• [WORK INSTRUCTION] Among the entries that follow, find every line with the word "Best" and copy it.

• [DATASET ENTRIES]
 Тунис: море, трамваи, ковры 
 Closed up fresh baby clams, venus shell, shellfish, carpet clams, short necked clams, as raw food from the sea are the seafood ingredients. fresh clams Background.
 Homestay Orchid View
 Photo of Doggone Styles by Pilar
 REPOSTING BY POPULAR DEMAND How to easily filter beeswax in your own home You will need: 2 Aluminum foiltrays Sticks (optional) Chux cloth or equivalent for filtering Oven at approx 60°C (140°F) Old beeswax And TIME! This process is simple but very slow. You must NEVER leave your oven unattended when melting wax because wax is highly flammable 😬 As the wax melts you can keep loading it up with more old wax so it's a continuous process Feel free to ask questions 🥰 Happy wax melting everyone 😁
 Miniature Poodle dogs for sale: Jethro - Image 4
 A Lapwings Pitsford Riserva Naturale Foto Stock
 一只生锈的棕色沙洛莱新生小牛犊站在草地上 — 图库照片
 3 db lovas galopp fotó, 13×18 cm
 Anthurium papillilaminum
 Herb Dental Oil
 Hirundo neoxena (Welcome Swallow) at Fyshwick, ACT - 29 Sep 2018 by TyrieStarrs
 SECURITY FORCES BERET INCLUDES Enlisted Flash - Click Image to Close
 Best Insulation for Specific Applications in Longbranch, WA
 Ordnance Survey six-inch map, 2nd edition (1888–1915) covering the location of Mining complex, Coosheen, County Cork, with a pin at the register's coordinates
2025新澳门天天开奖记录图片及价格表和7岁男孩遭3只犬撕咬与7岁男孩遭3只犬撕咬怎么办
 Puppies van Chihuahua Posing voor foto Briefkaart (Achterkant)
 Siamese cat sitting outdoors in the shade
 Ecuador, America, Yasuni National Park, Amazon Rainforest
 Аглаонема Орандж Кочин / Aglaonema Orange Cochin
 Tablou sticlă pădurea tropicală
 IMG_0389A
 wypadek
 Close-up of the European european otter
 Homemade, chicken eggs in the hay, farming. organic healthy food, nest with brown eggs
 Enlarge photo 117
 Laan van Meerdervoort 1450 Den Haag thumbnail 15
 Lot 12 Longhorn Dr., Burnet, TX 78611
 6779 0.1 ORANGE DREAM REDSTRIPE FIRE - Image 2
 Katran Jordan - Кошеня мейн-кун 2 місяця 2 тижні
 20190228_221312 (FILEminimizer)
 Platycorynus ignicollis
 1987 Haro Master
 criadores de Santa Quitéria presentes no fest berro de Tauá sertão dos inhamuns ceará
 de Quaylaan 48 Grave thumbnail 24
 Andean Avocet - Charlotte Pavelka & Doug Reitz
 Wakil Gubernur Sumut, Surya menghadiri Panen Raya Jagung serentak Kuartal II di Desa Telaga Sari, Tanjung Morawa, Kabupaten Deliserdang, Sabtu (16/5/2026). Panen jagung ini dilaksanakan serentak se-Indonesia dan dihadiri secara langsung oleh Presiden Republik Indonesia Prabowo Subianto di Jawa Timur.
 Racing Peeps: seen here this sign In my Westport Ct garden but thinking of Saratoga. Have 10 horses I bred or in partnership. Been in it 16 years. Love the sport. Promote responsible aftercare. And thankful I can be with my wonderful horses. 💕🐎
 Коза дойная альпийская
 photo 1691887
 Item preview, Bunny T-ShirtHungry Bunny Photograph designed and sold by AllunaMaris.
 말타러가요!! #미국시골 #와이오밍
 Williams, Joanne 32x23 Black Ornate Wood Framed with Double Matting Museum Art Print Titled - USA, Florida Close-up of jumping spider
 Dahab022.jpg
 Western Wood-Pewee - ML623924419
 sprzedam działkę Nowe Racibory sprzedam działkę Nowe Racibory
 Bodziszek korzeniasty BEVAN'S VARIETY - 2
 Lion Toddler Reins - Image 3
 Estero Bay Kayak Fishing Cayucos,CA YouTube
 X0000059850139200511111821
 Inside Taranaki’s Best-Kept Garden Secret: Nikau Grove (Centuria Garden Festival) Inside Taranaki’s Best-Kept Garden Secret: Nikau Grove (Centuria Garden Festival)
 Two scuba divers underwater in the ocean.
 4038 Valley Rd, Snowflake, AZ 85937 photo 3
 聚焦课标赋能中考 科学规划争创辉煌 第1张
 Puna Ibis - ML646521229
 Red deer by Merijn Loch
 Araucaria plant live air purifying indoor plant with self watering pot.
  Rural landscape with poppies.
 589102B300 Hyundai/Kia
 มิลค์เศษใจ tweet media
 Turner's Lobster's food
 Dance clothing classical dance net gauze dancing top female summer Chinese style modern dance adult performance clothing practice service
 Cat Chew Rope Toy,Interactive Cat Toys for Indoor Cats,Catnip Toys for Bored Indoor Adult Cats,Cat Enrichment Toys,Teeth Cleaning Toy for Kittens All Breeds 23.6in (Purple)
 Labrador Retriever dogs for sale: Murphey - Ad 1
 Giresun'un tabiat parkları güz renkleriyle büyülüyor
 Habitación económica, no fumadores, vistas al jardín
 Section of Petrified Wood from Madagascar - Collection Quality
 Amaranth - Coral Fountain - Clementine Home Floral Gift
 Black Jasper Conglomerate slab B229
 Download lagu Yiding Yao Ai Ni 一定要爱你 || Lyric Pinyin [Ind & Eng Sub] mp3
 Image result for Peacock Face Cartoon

• [SOLUTION FOR THIS PROBLEM]
 Best Insulation for Specific Applications in Longbranch, WA
 Inside Taranaki’s Best-Kept Garden Secret: Nikau Grove (Centuria Garden Festival) Inside Taranaki’s Best-Kept Garden Secret: Nikau Grove (Centuria Garden Festival)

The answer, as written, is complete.